He received the Perkin Medal from the Society of Chemical Industry in 1993, the Vittorio de Nora Award from the Electrochemical Society in 1994, and the 1994 IEEE Morris N. Liebmann Memorial Award.

In March 2012, he was inducted into the National Inventors Hall of Fame. In 2014, he was elected as a foreign member of the National Academy of Engineering of the United States for his innovation of thin-film magnetic head structures and electrochemical process technologies for microelectronics device fabrication.

He was active in various organizations, most notably serving as the Nachalniy Plastun (Chief Scout) of the Plast National Scout Organization of Ukraine. Romankiw was a member of the Shevchenko Scientific Society, USA.

Romankiw died in the United States on June 27, 2024, at the age of 93.

== Invention of Thin Film Heads ==
By the 1960s, the earlier version of magnetic storage, the IBM drum storage was approaching its storage limit. Hand-made and assembled copper-wired heads were becoming too small to become extendible to smaller size and scalable to higher areal density storage per square inch.

The challenges to extend the storage technology at that time were: 1, to achieve areal density beyond 3 Megabits per square inch; and 2, to batch fabricate the read/write heads. Romankiw invented several key inventions that enabled the extendibility of the magnetic storage technology.
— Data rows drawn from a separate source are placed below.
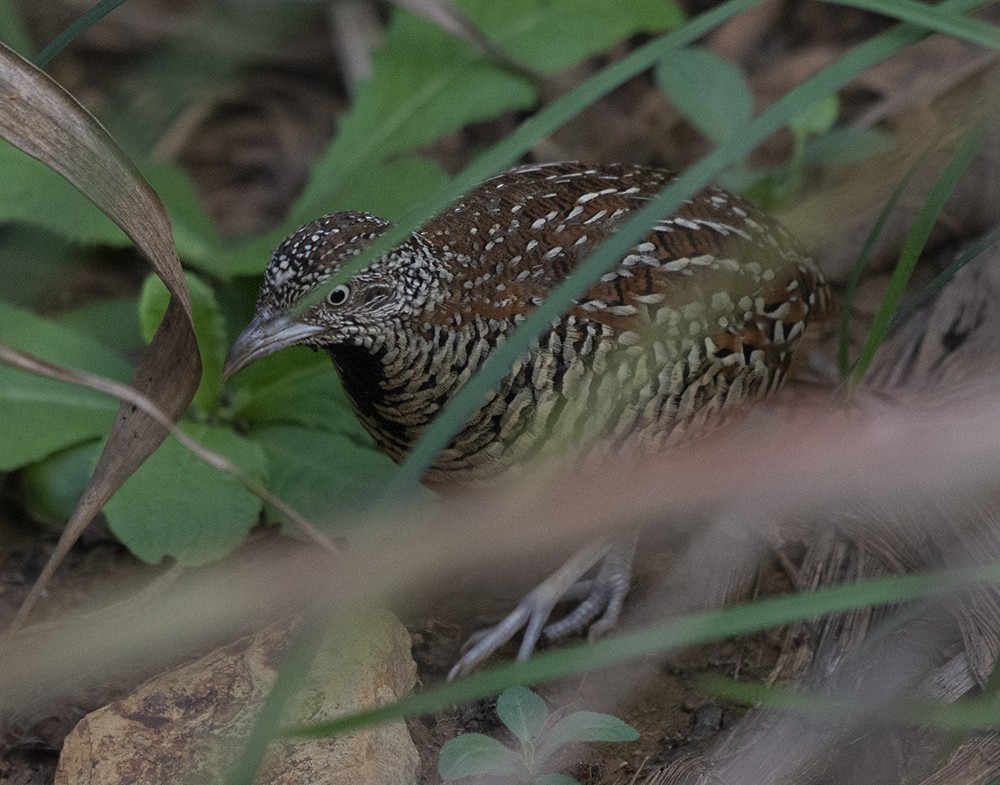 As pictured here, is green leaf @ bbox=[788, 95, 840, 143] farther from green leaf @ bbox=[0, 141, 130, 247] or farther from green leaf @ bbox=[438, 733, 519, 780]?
green leaf @ bbox=[438, 733, 519, 780]

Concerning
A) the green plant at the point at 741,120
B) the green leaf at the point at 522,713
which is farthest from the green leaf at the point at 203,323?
the green plant at the point at 741,120

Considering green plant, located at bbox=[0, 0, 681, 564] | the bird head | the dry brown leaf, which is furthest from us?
green plant, located at bbox=[0, 0, 681, 564]

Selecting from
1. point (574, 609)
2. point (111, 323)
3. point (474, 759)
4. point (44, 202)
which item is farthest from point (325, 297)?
point (111, 323)

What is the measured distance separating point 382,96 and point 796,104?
272 cm

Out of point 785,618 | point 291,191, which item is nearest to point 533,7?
point 291,191

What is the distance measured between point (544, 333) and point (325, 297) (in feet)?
1.80

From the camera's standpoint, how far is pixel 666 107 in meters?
5.38

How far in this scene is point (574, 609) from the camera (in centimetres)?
369

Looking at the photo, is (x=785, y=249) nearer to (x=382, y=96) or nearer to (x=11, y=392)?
(x=382, y=96)

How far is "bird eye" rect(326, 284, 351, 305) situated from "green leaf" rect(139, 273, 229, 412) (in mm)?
836

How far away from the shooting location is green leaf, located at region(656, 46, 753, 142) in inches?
176

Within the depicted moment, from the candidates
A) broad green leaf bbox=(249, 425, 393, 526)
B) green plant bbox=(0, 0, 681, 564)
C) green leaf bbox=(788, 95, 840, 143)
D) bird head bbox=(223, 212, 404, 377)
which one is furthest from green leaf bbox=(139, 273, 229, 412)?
green leaf bbox=(788, 95, 840, 143)

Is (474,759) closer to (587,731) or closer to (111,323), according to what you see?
(587,731)

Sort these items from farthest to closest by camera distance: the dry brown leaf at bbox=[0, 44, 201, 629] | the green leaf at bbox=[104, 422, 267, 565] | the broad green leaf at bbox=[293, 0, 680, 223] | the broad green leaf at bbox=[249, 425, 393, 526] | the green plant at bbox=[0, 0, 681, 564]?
the broad green leaf at bbox=[293, 0, 680, 223] → the broad green leaf at bbox=[249, 425, 393, 526] → the green plant at bbox=[0, 0, 681, 564] → the green leaf at bbox=[104, 422, 267, 565] → the dry brown leaf at bbox=[0, 44, 201, 629] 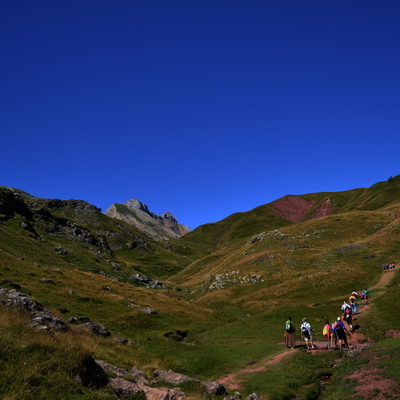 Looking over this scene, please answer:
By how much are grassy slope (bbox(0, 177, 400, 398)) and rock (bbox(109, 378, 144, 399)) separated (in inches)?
107

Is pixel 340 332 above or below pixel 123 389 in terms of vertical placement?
below

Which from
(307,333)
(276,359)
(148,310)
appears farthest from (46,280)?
(307,333)

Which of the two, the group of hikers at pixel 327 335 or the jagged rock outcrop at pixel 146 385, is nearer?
the jagged rock outcrop at pixel 146 385

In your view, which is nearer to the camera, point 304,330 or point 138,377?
point 138,377

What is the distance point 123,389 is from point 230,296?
55159 mm

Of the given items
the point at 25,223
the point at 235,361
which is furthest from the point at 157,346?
the point at 25,223

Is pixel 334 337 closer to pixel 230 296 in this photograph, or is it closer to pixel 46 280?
pixel 230 296

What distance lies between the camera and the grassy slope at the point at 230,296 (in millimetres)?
29812

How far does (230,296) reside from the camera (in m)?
66.4

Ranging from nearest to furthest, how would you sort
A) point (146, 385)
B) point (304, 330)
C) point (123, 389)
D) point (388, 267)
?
point (123, 389)
point (146, 385)
point (304, 330)
point (388, 267)

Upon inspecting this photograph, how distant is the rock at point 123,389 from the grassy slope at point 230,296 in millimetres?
2710

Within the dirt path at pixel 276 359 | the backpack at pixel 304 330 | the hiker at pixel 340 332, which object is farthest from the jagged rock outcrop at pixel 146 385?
the hiker at pixel 340 332

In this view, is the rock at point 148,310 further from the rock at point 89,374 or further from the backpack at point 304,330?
the rock at point 89,374

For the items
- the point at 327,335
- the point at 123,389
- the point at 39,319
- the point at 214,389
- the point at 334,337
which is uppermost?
the point at 39,319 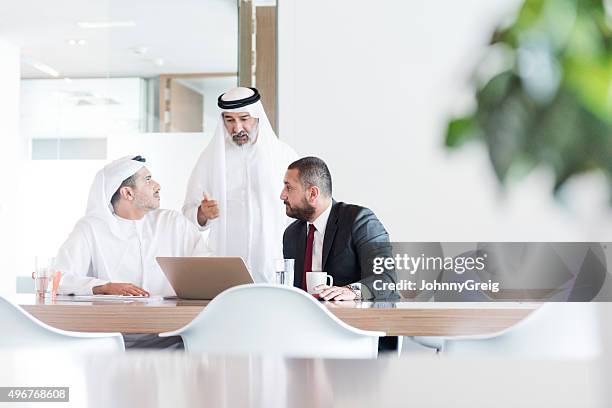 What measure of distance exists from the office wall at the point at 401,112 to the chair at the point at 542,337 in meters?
3.30

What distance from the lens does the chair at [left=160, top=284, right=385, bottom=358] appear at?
5.71ft

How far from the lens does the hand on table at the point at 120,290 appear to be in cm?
A: 248

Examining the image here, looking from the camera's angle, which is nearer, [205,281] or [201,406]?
[201,406]

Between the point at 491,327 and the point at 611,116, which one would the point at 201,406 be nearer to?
the point at 611,116

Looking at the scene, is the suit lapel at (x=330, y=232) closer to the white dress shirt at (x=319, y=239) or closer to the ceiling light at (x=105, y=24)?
the white dress shirt at (x=319, y=239)

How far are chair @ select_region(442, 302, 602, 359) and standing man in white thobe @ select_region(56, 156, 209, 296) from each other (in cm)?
151

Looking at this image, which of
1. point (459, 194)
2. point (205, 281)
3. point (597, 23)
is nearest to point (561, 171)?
point (597, 23)

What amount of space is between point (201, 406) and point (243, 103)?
3737mm

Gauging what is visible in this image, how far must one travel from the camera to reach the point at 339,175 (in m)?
5.10

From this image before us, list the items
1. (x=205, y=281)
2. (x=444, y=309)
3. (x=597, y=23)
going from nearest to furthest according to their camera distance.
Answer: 1. (x=597, y=23)
2. (x=444, y=309)
3. (x=205, y=281)

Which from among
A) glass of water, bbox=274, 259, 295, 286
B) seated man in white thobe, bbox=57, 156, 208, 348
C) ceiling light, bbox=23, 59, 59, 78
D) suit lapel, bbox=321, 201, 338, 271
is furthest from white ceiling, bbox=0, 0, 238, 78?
glass of water, bbox=274, 259, 295, 286

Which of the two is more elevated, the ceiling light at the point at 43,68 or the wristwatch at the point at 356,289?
the ceiling light at the point at 43,68

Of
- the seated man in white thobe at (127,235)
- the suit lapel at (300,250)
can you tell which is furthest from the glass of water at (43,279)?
the suit lapel at (300,250)

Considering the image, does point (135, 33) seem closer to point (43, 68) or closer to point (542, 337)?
point (43, 68)
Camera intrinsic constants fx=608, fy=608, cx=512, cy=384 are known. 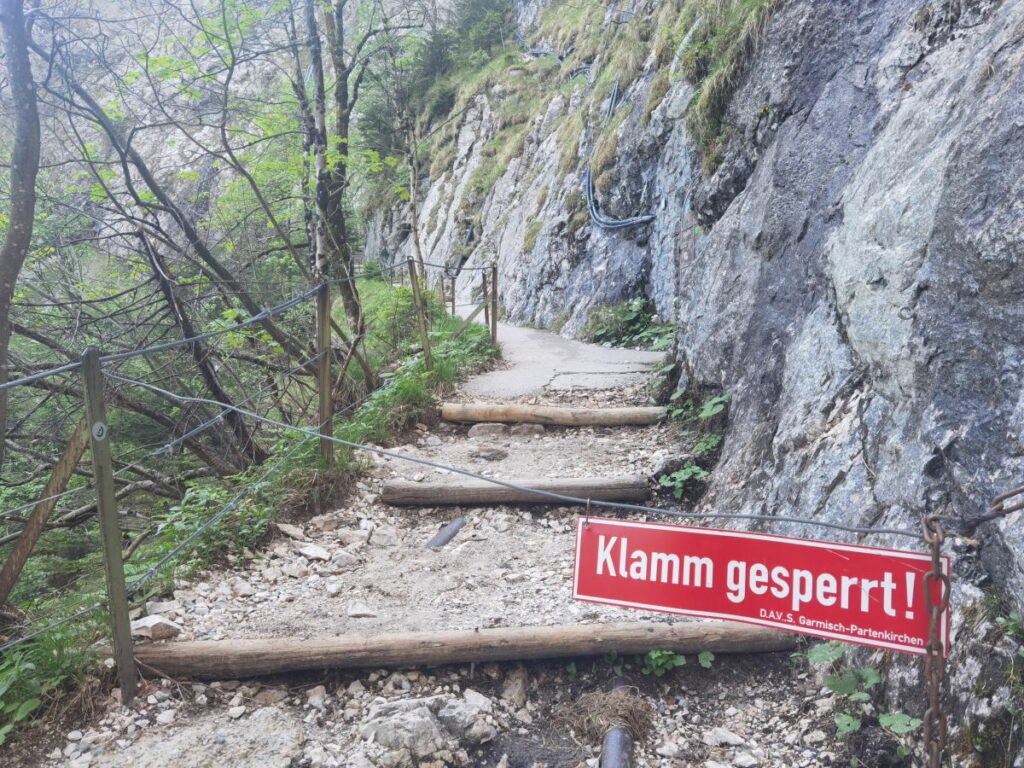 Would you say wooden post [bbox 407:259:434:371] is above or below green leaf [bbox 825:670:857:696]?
above

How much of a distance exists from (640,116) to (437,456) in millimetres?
7198

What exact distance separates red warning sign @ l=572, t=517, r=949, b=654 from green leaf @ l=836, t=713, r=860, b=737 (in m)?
0.90

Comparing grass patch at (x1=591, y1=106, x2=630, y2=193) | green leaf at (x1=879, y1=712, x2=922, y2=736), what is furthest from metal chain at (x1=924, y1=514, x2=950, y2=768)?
grass patch at (x1=591, y1=106, x2=630, y2=193)

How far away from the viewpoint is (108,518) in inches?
93.5

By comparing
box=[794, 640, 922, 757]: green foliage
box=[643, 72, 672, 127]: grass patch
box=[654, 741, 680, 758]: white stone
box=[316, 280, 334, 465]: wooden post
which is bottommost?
box=[654, 741, 680, 758]: white stone

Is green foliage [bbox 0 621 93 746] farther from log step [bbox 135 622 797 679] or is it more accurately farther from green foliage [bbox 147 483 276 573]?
green foliage [bbox 147 483 276 573]

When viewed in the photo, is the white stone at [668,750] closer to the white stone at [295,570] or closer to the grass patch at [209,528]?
the white stone at [295,570]

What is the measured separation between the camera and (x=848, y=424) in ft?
9.70

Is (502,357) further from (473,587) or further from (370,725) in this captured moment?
(370,725)

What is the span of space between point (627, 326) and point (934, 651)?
8.08 meters

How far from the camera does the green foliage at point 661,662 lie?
276cm

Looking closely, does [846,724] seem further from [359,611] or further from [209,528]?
[209,528]

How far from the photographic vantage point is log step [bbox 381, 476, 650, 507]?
431 cm

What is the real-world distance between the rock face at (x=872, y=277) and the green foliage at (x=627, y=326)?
2.26 meters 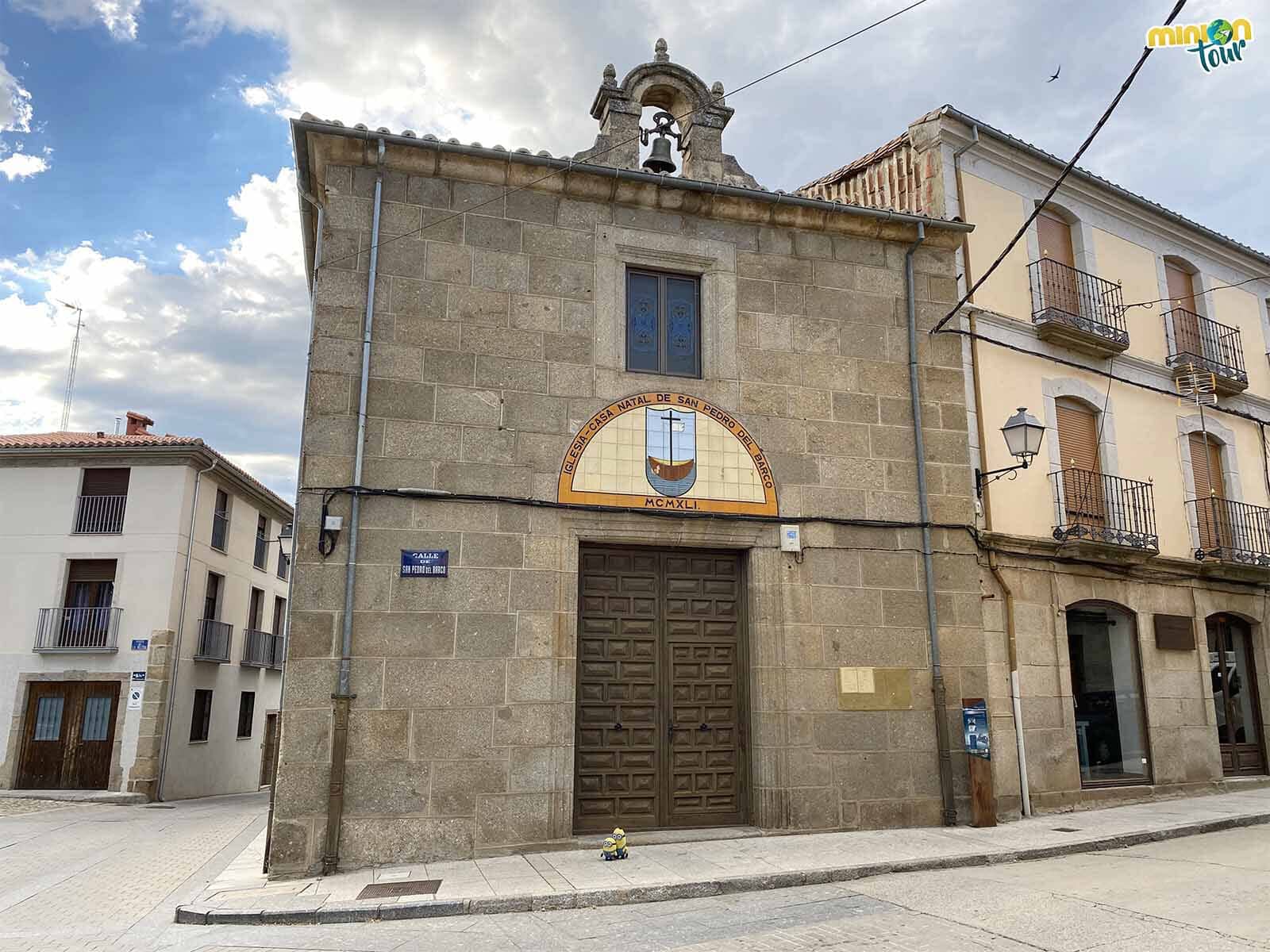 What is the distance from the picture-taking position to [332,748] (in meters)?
7.59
1. US patent 3,908,194, Integrated magnetoresistive read, inductive write, batch fabricated magnetic head. This is the design of an integrated thin film head, which includes both the read and the write functionality, and which remains largely unchanged for decades. More details see Disk read-and-write head.

2. US patent 4,295,173, Thin Film Inductive Transducer. This is the design of the writer in the thin film heads, where a magnetic yoke made with specific magnetic materials (permalloy) is magnetized with copper coils. The design of the structure allows for high frequency switching and high magnetization at the yoke tip, which enables high frequency data writing with high fidelity.

3. US patent 3,840,898, Self-biased Magnetoresistive Sensor. This is the design of the reading part in the thin film heads. This design allows the miniaturization of the magnetoresistive sensor, which reads in 1 or 0 data on the storage media.

4. US patent 4,281,057, Variable Pre-spin Drying Time Control of Photoresists Thickness.

5. US patent 4,315,985, Fine-line circuit fabrication and photoresist application thereof.

6. US patent 3,853,715, Elimination of undercut in an anodically active metal during chemical etching.

These three patents above invented and enabled the so-called "Electroplating through mask", where the electroplated parts are well defined with patterned photoresist using photolithography. This is also an early version of the LIGA process used widely for MEMS fabrication. This innovative process was a key enabler for the fabrication of the thin film heads.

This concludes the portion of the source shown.